WHAT THE EXERCISE ASKS: Copy every entry exactly.

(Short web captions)
• • •

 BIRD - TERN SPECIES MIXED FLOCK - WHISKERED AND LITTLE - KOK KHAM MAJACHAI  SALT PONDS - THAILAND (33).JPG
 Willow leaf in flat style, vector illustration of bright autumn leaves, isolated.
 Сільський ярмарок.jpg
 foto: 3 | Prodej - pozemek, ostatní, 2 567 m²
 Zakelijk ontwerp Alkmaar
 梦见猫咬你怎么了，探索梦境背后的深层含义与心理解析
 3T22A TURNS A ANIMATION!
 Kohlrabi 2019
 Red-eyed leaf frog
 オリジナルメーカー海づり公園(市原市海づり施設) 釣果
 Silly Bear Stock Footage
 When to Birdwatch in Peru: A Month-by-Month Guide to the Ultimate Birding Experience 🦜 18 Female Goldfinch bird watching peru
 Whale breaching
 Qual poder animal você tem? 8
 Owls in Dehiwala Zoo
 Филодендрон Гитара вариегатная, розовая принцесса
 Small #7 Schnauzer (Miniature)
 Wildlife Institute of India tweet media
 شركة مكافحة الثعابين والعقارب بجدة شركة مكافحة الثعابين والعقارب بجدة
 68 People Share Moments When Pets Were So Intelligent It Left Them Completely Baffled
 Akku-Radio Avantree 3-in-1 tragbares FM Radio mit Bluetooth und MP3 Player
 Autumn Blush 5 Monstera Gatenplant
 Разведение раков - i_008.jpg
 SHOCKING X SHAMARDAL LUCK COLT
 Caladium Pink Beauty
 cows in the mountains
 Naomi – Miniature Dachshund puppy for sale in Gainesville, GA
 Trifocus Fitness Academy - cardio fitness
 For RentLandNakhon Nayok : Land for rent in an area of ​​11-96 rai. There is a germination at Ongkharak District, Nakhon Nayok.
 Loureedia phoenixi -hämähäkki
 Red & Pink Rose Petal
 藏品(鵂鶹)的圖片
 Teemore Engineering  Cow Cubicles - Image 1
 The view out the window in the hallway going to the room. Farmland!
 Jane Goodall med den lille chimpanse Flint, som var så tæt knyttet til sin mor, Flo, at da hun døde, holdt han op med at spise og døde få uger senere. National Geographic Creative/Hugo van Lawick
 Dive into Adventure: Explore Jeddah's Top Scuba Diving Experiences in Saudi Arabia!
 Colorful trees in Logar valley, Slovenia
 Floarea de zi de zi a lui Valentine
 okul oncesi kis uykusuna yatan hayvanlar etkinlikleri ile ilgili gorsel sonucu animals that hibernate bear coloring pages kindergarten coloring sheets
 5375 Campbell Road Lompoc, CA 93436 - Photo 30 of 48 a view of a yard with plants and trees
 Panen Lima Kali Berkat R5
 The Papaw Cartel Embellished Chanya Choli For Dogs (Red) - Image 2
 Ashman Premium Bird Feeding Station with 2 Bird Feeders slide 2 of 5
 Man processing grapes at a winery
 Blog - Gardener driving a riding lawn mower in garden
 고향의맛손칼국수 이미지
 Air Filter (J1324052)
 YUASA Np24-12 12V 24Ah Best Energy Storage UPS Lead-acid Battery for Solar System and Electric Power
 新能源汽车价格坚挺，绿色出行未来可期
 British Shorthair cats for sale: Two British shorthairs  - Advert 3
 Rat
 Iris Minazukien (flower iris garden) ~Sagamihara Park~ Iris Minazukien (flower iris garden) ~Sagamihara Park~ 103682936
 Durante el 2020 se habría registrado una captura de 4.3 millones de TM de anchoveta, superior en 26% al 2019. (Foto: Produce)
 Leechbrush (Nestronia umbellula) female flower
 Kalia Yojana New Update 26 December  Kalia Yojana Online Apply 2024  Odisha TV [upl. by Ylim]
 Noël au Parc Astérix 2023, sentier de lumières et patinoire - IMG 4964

• • •

FINISHED EXERCISE:
 BIRD - TERN SPECIES MIXED FLOCK - WHISKERED AND LITTLE - KOK KHAM MAJACHAI  SALT PONDS - THAILAND (33).JPG
 Willow leaf in flat style, vector illustration of bright autumn leaves, isolated.
 Сільський ярмарок.jpg
 foto: 3 | Prodej - pozemek, ostatní, 2 567 m²
 Zakelijk ontwerp Alkmaar
 梦见猫咬你怎么了，探索梦境背后的深层含义与心理解析
 3T22A TURNS A ANIMATION!
 Kohlrabi 2019
 Red-eyed leaf frog
 オリジナルメーカー海づり公園(市原市海づり施設) 釣果
 Silly Bear Stock Footage
 When to Birdwatch in Peru: A Month-by-Month Guide to the Ultimate Birding Experience 🦜 18 Female Goldfinch bird watching peru
 Whale breaching
 Qual poder animal você tem? 8
 Owls in Dehiwala Zoo
 Филодендрон Гитара вариегатная, розовая принцесса
 Small #7 Schnauzer (Miniature)
 Wildlife Institute of India tweet media
 شركة مكافحة الثعابين والعقارب بجدة شركة مكافحة الثعابين والعقارب بجدة
 68 People Share Moments When Pets Were So Intelligent It Left Them Completely Baffled
 Akku-Radio Avantree 3-in-1 tragbares FM Radio mit Bluetooth und MP3 Player
 Autumn Blush 5 Monstera Gatenplant
 Разведение раков - i_008.jpg
 SHOCKING X SHAMARDAL LUCK COLT
 Caladium Pink Beauty
 cows in the mountains
 Naomi – Miniature Dachshund puppy for sale in Gainesville, GA
 Trifocus Fitness Academy - cardio fitness
 For RentLandNakhon Nayok : Land for rent in an area of ​​11-96 rai. There is a germination at Ongkharak District, Nakhon Nayok.
 Loureedia phoenixi -hämähäkki
 Red & Pink Rose Petal
 藏品(鵂鶹)的圖片
 Teemore Engineering  Cow Cubicles - Image 1
 The view out the window in the hallway going to the room. Farmland!
 Jane Goodall med den lille chimpanse Flint, som var så tæt knyttet til sin mor, Flo, at da hun døde, holdt han op med at spise og døde få uger senere. National Geographic Creative/Hugo van Lawick
 Dive into Adventure: Explore Jeddah's Top Scuba Diving Experiences in Saudi Arabia!
 Colorful trees in Logar valley, Slovenia
 Floarea de zi de zi a lui Valentine
 okul oncesi kis uykusuna yatan hayvanlar etkinlikleri ile ilgili gorsel sonucu animals that hibernate bear coloring pages kindergarten coloring sheets
 5375 Campbell Road Lompoc, CA 93436 - Photo 30 of 48 a view of a yard with plants and trees
 Panen Lima Kali Berkat R5
 The Papaw Cartel Embellished Chanya Choli For Dogs (Red) - Image 2
 Ashman Premium Bird Feeding Station with 2 Bird Feeders slide 2 of 5
 Man processing grapes at a winery
 Blog - Gardener driving a riding lawn mower in garden
 고향의맛손칼국수 이미지
 Air Filter (J1324052)
 YUASA Np24-12 12V 24Ah Best Energy Storage UPS Lead-acid Battery for Solar System and Electric Power
 新能源汽车价格坚挺，绿色出行未来可期
 British Shorthair cats for sale: Two British shorthairs  - Advert 3
 Rat
 Iris Minazukien (flower iris garden) ~Sagamihara Park~ Iris Minazukien (flower iris garden) ~Sagamihara Park~ 103682936
 Durante el 2020 se habría registrado una captura de 4.3 millones de TM de anchoveta, superior en 26% al 2019. (Foto: Produce)
 Leechbrush (Nestronia umbellula) female flower
 Kalia Yojana New Update 26 December  Kalia Yojana Online Apply 2024  Odisha TV [upl. by Ylim]
 Noël au Parc Astérix 2023, sentier de lumières et patinoire - IMG 4964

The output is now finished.